§ TASK GOAL: All of the records below must be reproduced exactly, minus any pictures.

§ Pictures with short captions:
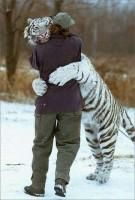 fericita! animale amuzante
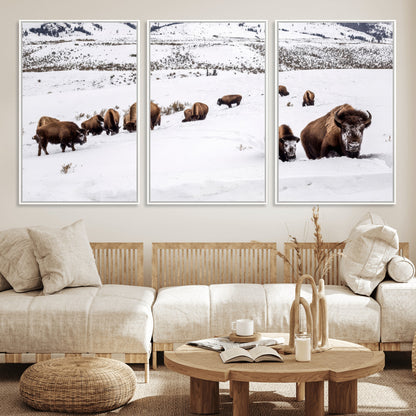 A herd of bison walking through deep snow in a mountain valley, perfect for rustic, cabin or western-themed wall decor.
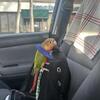 1.5 Year Old Perfect Conure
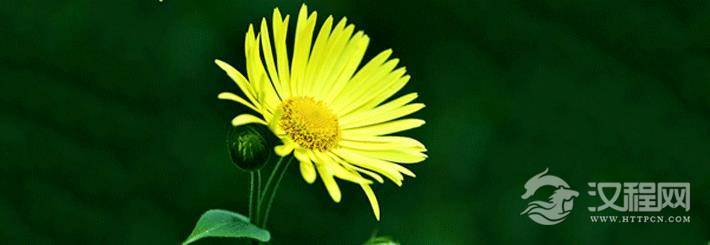 脸上痣图解吉凶分别有哪些?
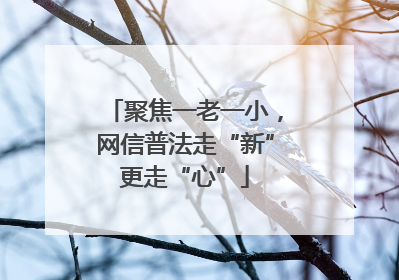 聚焦一老一小，网信普法走“新”更走“心”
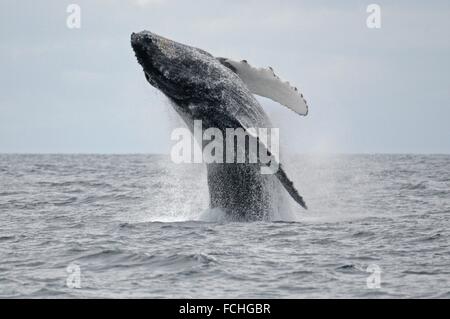 Ein Buckelwal Verletzungen aus dem Wasser abseits der Küste Alaskas. Stockfoto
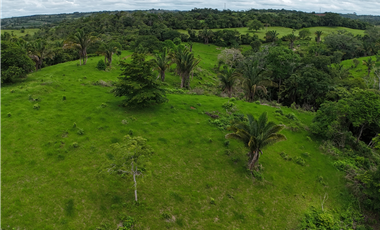 Se Vende Terreno Ideal para Desarrollo Residencial en La Chorrera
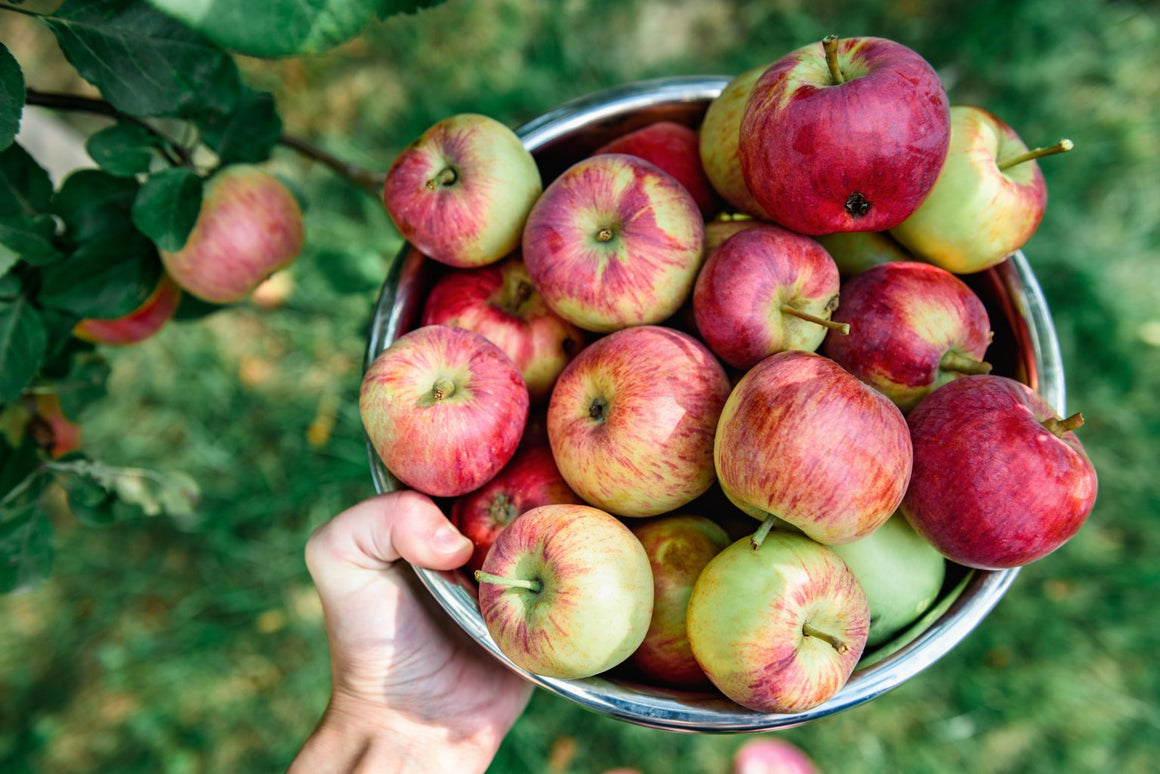 Gravenstein Apple White Balsamic Vinegar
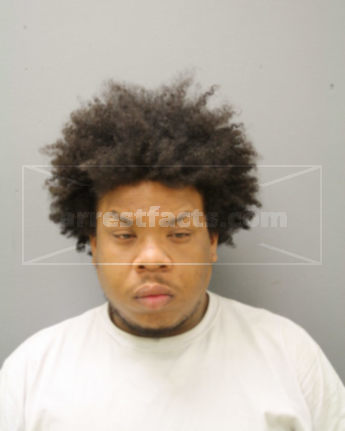 Leon L Williams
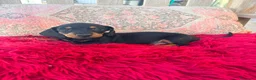 Teckel Miniatura perros en venta: Teckel kaninchen hembra  - Anuncio 3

§ RESULT OF THIS TASK:
 fericita! animale amuzante
 A herd of bison walking through deep snow in a mountain valley, perfect for rustic, cabin or western-themed wall decor.
 1.5 Year Old Perfect Conure
 脸上痣图解吉凶分别有哪些?
 聚焦一老一小，网信普法走“新”更走“心”
 Ein Buckelwal Verletzungen aus dem Wasser abseits der Küste Alaskas. Stockfoto
 Se Vende Terreno Ideal para Desarrollo Residencial en La Chorrera
 Gravenstein Apple White Balsamic Vinegar
 Leon L Williams
 Teckel Miniatura perros en venta: Teckel kaninchen hembra  - Anuncio 3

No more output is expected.